Additional conditions in JOIN - perl

I have tables with articles and users, both have many-to-many mapping to third table - reads.
What I am trying to do here is to get all unread articles for particular user ( user_id not present in table reads ).
My query is getting all articles but those read are marked, which if fine as I can filter them out (user_id field contains id of user in question).
I have an SQL query like this:
SELECT articles.id, reads.user_id
FROM articles
LEFT JOIN
reads
ON articles.id = reads.article_id AND reads.user_id = 9
ORDER BY articles.last_update DESC LIMIT 5;
Which yields following:
articles.id | reads.user_id
-------------------+-----------------
57125839 | 9
57065456 |
56945065 |
56945066 |
56763090 |
(5 rows)
This is fine. This is what I want.
I'd like to get same result in Catalyst using my article model, but I cannot find any option to add conditions to a JOIN clause.
Do you know any way how to add AND X = Y to DBIx JOIN?
I know this can be done with custom resoult source and virtual view, but I have some other queries that could benefit from it and I'd like to avoid creating virtual view for each of them.
Thanks,
Canto

I don't even know what Catalyst is but I can hack the SQL query:
select articles.id, reads.user_id
from
articles
left join
(
select *
from reads
where user_id = 9
) reads on articles.id = reads.article_id
order by articles.last_update desc
limit 5;

I got an solution.
It's not straight forward, but it's better than virtual view.

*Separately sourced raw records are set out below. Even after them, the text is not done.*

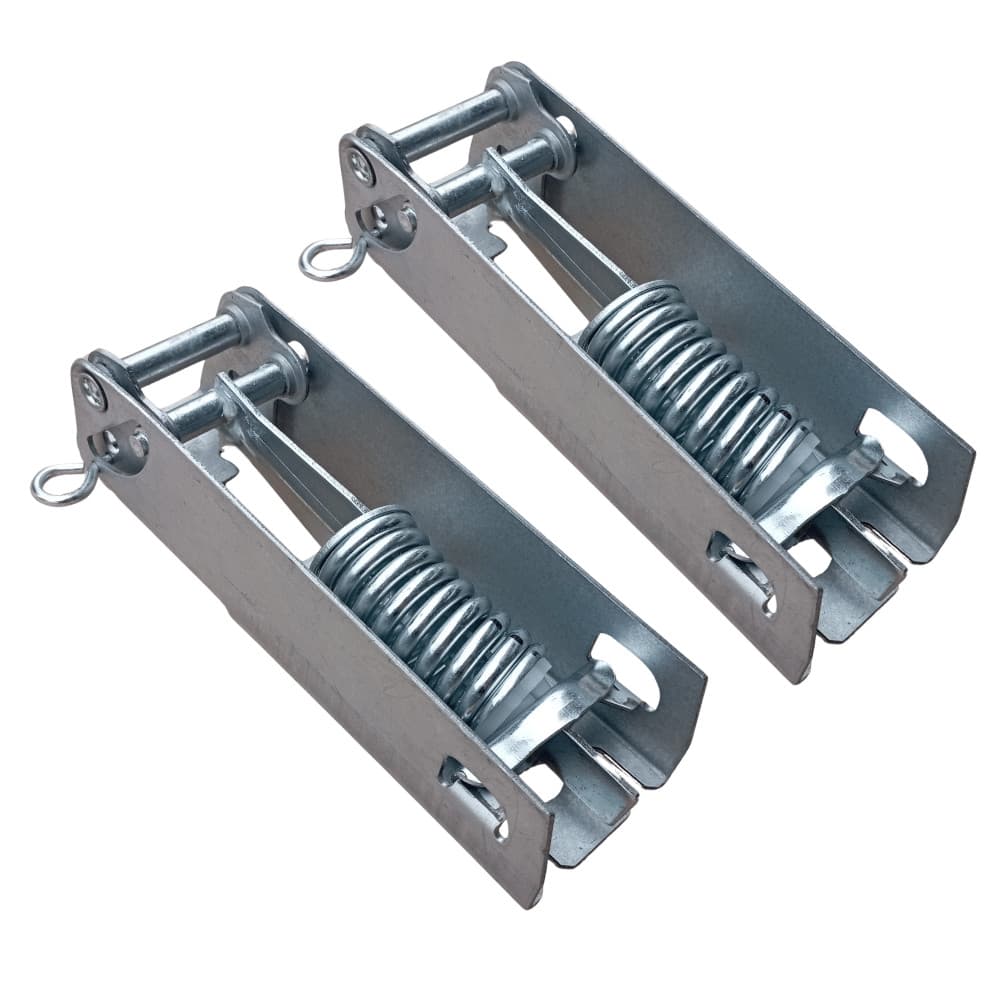 Kit 2 Dobradiça Mola Freezer Electrolux HI330 HI550 HI440 A99120901 Original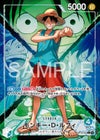 モンキー・D・ルフィ（OP16-022 ）［リーダーパラレル］｜ワンピース 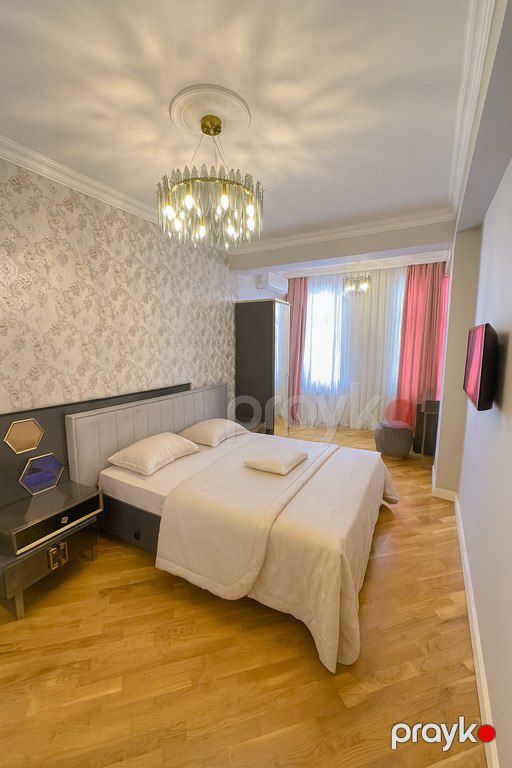 İcarəyə verilir 3 otaqlı yeni tikili 110 m² — Mənzil, Bakı (3)
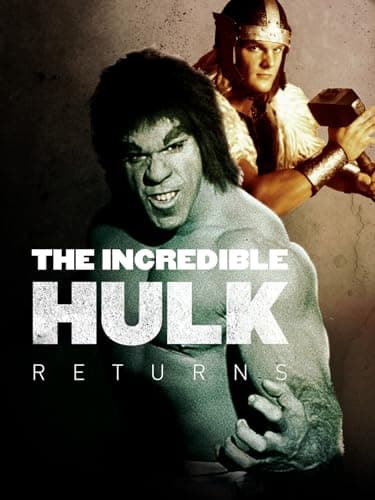 Image of The Incredible Hulk Returns
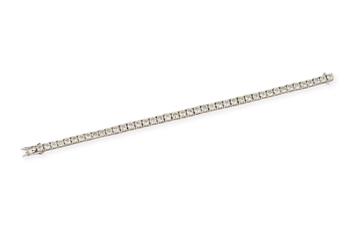 LUXURI?SES TENNIS ARMBAND 10.00 CT.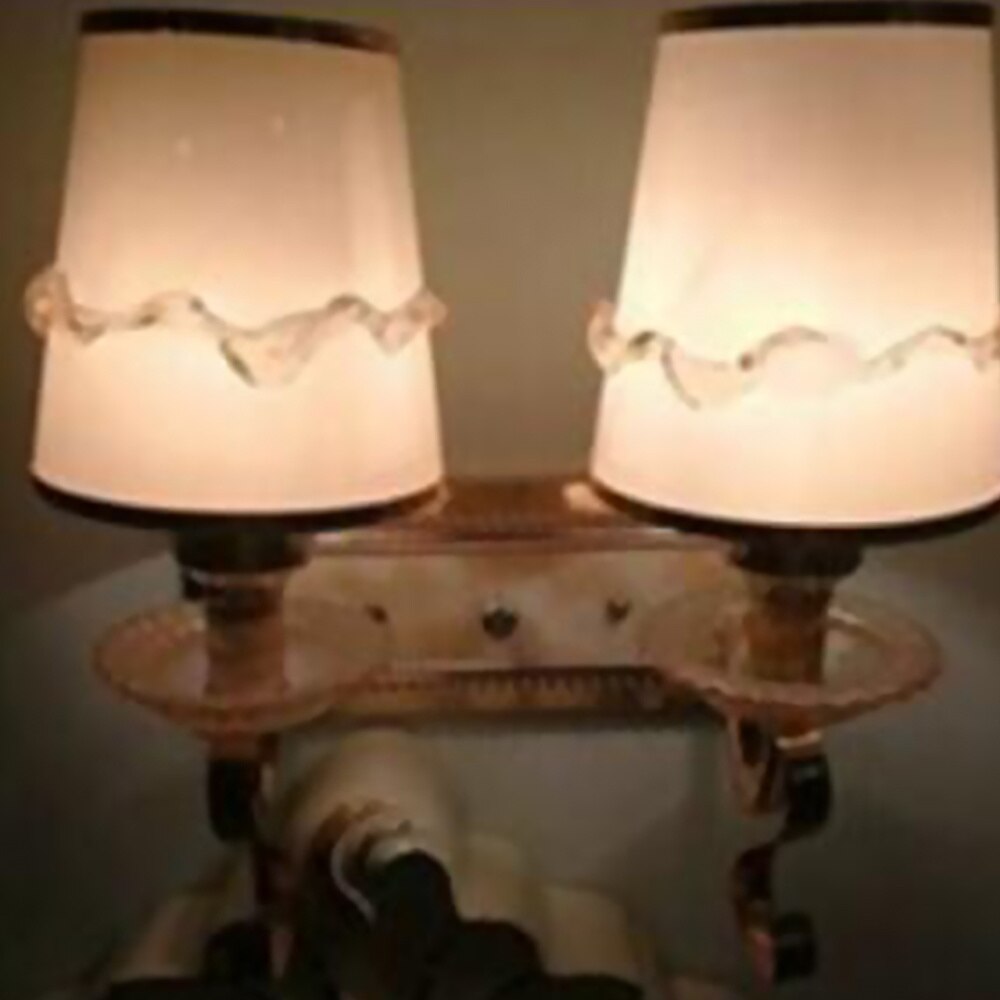 4 stücke Glühlampe Glühbirne Glas Glühlampen E27 Wolfram Filament Lichter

http://search.cpan.org/dist/DBIx-Class/lib/DBIx/Class/Relationship/Base.pm#condition
Above describes how to use conditions in JOIN clause.
However, my case needs an variable in those conditions, which is not available by default in model.

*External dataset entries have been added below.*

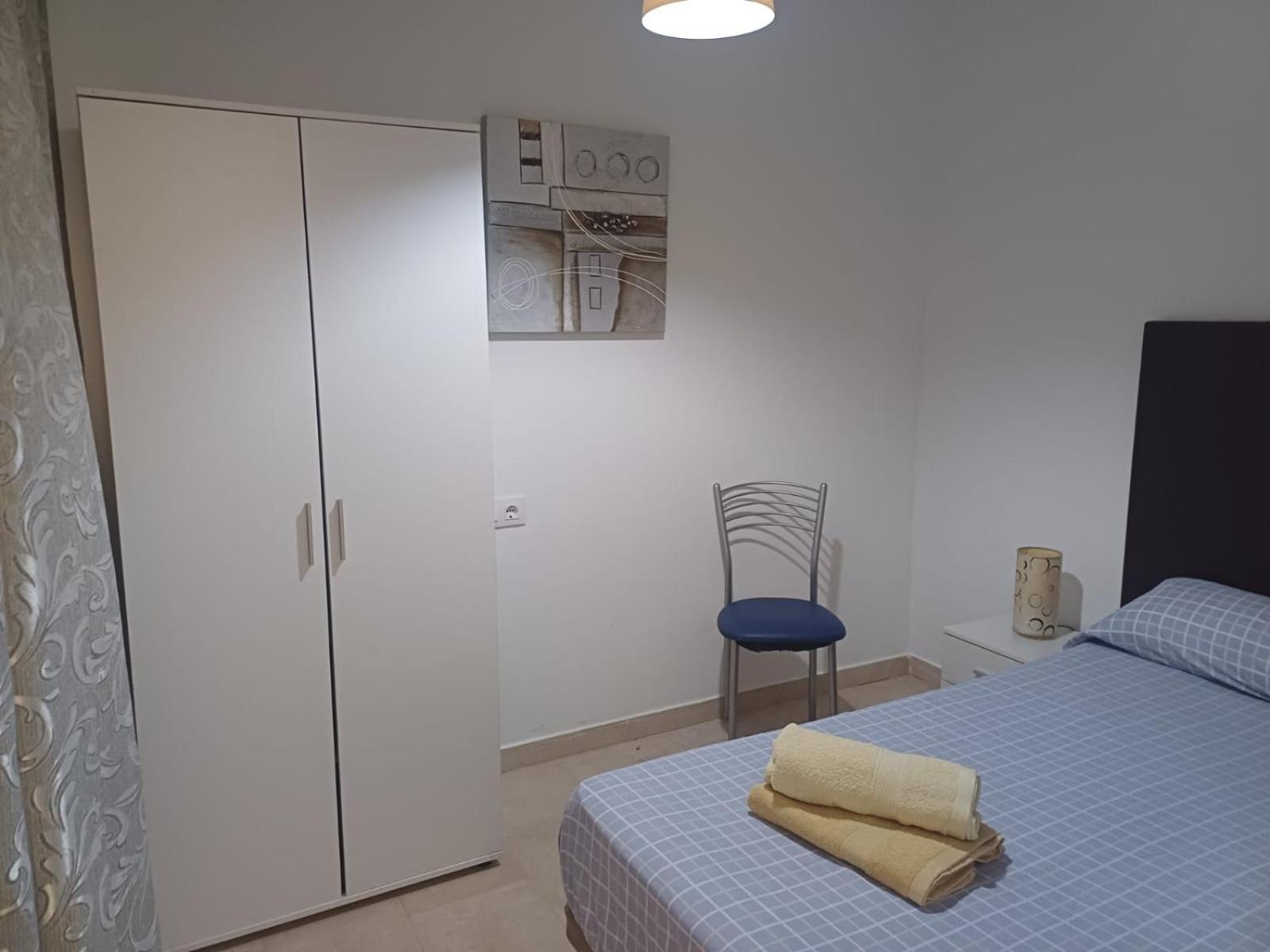 Апартаменты Apartamento Duque 2 Centro Ciudad Картахена Экстерьер фото
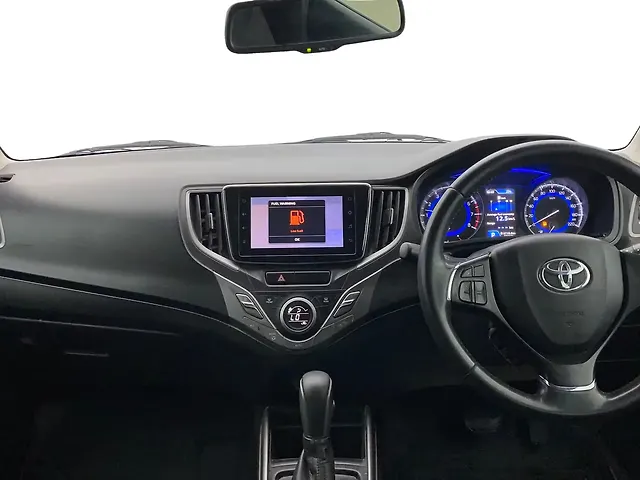 Used Toyota Glanza [2019-2022] V CVT in Delhi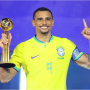 Brasil conquista heptacampeonato da Copa do Mundo de beach soccer (Foto: Divulgação FIFA ) 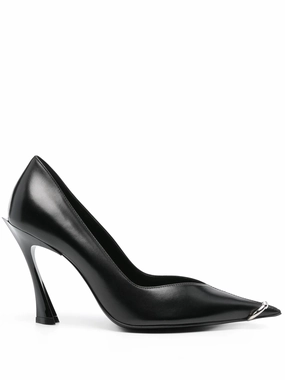 95mm piercing-detail pumps Hot High Heel Shoes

So getting around a bit of model concept and introducing variable to it, we have the following.
In model file
our $USER_ID;
__PACKAGE__->has_many(
pindols => "My::MyDB::Result::Read",
sub {
my $args = shift;
die "no user_id specified!" unless $USER_ID;
return ({
"$args->{self_alias}.id" => { -ident => "$args->{foreign_alias}.article_id" },
"$args->{foreign_alias}.user_id" => { -ident => $USER_ID },
});
}
);
in controller
$My::MyDB::Result::Article::USER_ID = $c->user->id;
$articles = $channel->search(
{ "pindols.user_id" => undef } ,
{
page => int($page),
rows => 20,
order_by => 'last_update DESC',
prefetch => "pindols"
}
);
Will fetch all unread articles and yield following SQL.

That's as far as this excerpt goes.